Вообще в его работе было много от Москвы с ее улицами, домами, мостовыми, которые вечно перестраиваются, перекраиваются, всегда в лесах.
Пастернак очень московский поэт. В нем запутанность переулков, замоскворецких, Чистопрудных проходных дворов, Воробьевых гор, их язык, этот быт, эти фортки, городские липы, эта московская манера ходить — «как всегда нараспашку пальтецо и кашне на груди».
В московские особнякиВрывается весна нахрапом…
Москва вся как бы нарисована от руки, полна живой линии, языкового просторечья, вольного смешения стилей, ампир уживается рядом с ропетовским модерном и архаикой конструктивизма (восемьсот лет, а все — подросток!), да и дома в ней как-то не строятся, а зарастают кварталы, как разросшиеся деревья или кустарники.
В отличие от северной Пальмиры, которая вся чудодейственно образована по линейке и циркулю, с ее постоянством геометра, классицизмом, — московская школа культуры, как и образа жизни, стихийнее, размашистей, идет от византийской орнаментальности и близка к самой живой стихии языка.
Все дымкой сказочной подернется,Подобно завиткам по стенамВ боярской золоченой горницеИ на Василии Блаженном.

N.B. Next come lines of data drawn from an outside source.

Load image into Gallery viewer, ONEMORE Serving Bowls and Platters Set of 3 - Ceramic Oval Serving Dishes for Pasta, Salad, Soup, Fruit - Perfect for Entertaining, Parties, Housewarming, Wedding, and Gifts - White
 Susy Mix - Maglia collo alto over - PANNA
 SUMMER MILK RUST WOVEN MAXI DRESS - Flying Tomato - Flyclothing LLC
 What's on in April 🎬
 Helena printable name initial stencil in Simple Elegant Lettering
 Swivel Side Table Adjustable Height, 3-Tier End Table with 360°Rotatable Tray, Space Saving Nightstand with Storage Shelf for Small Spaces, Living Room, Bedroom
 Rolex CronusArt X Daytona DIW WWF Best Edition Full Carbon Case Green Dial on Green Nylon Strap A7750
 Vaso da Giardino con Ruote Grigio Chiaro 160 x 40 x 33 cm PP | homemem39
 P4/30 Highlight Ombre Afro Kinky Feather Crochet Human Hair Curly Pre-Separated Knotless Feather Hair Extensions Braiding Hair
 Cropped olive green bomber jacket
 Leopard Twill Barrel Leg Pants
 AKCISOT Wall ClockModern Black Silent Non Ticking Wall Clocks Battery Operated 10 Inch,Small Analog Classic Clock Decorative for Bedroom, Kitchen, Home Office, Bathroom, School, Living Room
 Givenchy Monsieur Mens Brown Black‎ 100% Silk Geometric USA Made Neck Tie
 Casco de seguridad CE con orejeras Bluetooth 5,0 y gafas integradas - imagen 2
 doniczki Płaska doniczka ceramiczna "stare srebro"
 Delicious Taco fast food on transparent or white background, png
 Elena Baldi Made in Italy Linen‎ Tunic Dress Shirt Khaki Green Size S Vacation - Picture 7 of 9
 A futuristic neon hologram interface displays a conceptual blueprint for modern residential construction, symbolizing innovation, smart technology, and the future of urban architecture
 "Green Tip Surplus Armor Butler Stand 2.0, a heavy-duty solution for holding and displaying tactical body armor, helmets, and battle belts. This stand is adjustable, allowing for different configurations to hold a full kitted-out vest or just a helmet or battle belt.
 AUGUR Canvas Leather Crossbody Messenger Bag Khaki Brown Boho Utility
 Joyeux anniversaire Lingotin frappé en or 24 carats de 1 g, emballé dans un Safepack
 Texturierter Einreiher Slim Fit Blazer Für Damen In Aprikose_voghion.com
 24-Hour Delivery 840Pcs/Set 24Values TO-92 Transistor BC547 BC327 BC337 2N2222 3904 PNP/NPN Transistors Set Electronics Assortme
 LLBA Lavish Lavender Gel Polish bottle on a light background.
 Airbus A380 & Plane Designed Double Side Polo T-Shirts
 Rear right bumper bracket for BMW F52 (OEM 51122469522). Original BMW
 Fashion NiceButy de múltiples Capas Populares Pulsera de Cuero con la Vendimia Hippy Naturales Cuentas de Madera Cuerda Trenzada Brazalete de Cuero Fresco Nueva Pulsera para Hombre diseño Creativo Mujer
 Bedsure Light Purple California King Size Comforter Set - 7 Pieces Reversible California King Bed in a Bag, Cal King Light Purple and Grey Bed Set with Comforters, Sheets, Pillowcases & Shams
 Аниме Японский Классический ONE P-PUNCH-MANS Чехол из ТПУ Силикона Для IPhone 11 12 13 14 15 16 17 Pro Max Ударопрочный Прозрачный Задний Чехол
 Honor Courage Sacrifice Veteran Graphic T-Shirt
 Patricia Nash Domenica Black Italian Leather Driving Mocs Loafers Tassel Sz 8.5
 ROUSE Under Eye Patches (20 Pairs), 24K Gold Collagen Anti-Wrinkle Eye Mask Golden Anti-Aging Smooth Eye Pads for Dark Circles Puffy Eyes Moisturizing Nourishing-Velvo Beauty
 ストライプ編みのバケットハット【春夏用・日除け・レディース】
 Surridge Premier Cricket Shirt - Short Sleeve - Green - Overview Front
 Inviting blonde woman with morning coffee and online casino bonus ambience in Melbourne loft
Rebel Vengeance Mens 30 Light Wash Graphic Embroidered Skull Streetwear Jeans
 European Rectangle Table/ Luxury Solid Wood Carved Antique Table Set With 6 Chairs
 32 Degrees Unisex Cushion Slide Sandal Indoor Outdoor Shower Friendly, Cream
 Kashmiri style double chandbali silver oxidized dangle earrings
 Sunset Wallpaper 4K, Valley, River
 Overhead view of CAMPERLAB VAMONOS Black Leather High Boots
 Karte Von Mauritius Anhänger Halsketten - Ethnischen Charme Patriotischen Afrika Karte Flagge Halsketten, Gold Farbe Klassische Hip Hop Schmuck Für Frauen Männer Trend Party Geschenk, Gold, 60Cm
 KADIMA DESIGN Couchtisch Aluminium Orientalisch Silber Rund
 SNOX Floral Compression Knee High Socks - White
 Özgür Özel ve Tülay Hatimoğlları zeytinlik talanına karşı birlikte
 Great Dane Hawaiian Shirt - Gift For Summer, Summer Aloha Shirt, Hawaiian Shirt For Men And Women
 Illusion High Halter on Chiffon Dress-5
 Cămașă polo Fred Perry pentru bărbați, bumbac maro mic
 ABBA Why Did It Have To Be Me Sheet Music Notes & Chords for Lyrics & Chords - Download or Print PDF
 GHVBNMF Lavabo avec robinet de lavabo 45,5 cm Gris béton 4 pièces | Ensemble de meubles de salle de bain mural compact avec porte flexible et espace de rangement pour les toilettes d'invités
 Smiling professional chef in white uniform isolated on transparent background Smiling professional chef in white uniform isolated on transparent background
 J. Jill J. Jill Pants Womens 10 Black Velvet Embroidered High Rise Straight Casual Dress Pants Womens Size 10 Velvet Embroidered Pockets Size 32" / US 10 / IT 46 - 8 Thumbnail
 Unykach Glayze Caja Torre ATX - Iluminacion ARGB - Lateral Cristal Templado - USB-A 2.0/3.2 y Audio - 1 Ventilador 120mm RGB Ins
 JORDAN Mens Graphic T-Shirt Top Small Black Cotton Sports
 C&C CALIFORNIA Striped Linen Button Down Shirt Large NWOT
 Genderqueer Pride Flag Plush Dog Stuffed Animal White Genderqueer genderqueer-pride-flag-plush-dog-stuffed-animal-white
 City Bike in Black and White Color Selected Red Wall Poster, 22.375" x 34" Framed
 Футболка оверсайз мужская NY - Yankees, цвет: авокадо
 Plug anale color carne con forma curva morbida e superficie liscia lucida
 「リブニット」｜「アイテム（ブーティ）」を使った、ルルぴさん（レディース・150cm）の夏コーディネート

Мэтром его был Андрей Белый — москвич по духу и художественному мышлению. Особенно он ценил сборник «Пепел». Он объяснял мне как-то, что жалеет, что разминулся с Блоком, ибо тот был в Петрограде. Впрочем, деление на поэтов московских и петербургских условно, так, например, в «Двенадцати» Блока уже гуляет «московская» струя. Детская тяга к Блоку сказывалась и в пастернаковском определении поэта. Он сравнивает его с елкой, горящей через замороженное узорами окно. Так и видишь мальчика, с улицы глядящего на елку сквозь морозное стекло…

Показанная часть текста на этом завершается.